PeteOlcott wrote: ↑Fri Apr 05, 2019 2:55 am
You are conflating some things there. I will try to boil it down much simpler.
If we define truth as derived on the basis of some set of expressions of language
in the same sort of way that theorems are derived from axioms using rules-of-inference
and the same way as true conclusions are derived from valid deduction from true premises
Then it could not be possible for an expression of language G to assert that
it is not provable in F and have this assertion be proven in F, thus true in F.
Well this response only makes me more confused, not less.
I begun a thread that is unlikely being read to address the historical considerations involving "incompleteness". Originally, rational numbers were thought sufficient to define all numbers. But once the Pythagoras Theorem was proven, say using Euclid's system of reasoning, the hypotenuse was deemed, "unexpressible" by a rational expression.
This just implied that the system of real numbers must be expanded for being understood as "incomplete" without doing so. A newer system of reasoning can be added to the prior logic of Euclid and any theories of Number it assumed in extension of its postulates (common notions, that is). The question was whether we could have a universal system of reasoning that links all mathematics under one universal system?
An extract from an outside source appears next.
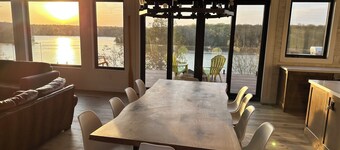 Lakefront Sunset Oasis (sleeps 17)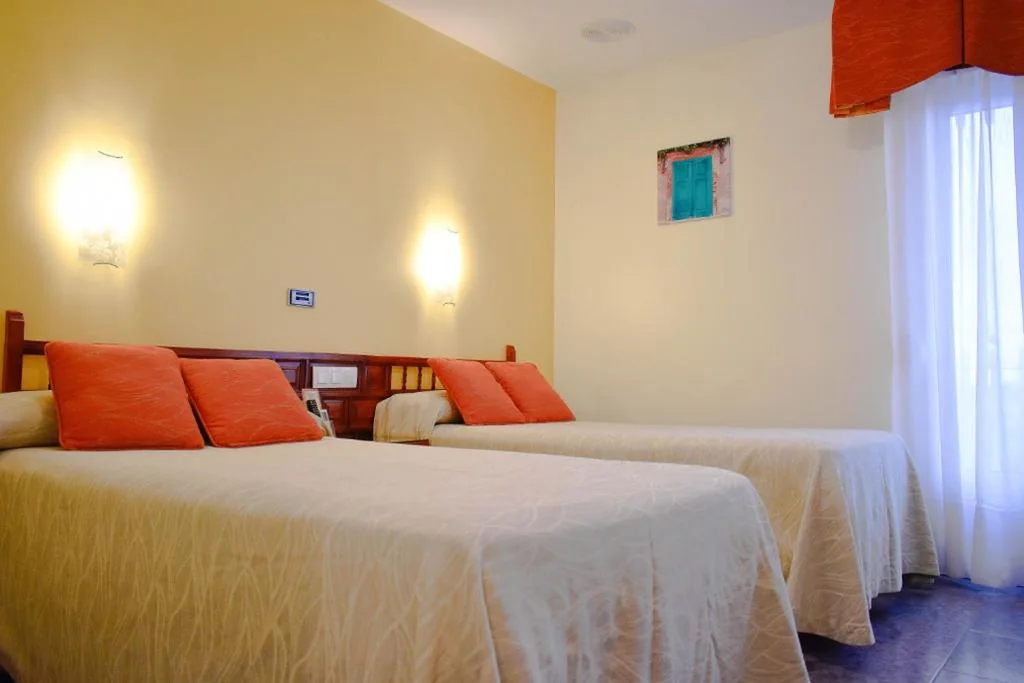 Camera Doppia Standard - 2 letti — Hotel La Colina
We can PRETEND that there IS such a universal logic system, say 'G', and ask if we can show it to lead to a contradiction. However, this assumes some
apriori assumptions about the system we permit to be useful to judge this. For this simple question, we already would be assuming at least two factors in this very challenge: that we can "pretend", and that "contradiction" is something we think is not permitted in our judging logic system.
We MAY try to be more inclusive by permitting a system that judges without bias to any apriori conditions. But such a system is itself "trivial", literally meaning, 3-values for semantic meaning. In other words, it is already understood that there can be universal machine (system logic) that covers all possible logic systems under one umbrella. But it would require an acceptance of "truth" to be relative and 'fuzzy' with respect to totality. This would also remove the meaning of seeking for some universal logic system because all systems would be considered logical no matter what in the most inclusive way.
So we have to pick a judging logic that is based upon the limited definitions of a 'finite' world: those that allow us to 'pretend' (a rule about assumptions) and have a system devoid of contradictions that lack closure. If we permit a system that lacks closure (completeness), we cannot have any reason to pose the question, "is there such a universal logic" or we'd be expanding the meaning of "logic" to include irrational systems of reasoning. [Note how I'm bringing back the word, "irrational", in context to the historical root of the word as well?]
So the first step is to find the simplest systems of reasoning that is closed with respect to a finite domain. We then want to pretend that this system is itself a qualifying 'judge' about other systems. Certainly if there IS a universal system based on its own minimal limits, then there has to be some truth about it being subject to that universal system itself.
Then we use this 'judging' logic, knowing it is complete, and then PRETEND that there is a universal system. IF this very system you are using is itself only a subset of a complete universal system, then we assume it complete as 'proven' by the meaning of "completeness" and then try to see if we can extend this calculating system to ask possible questions about some larger domain OUTSIDE of it's defined one.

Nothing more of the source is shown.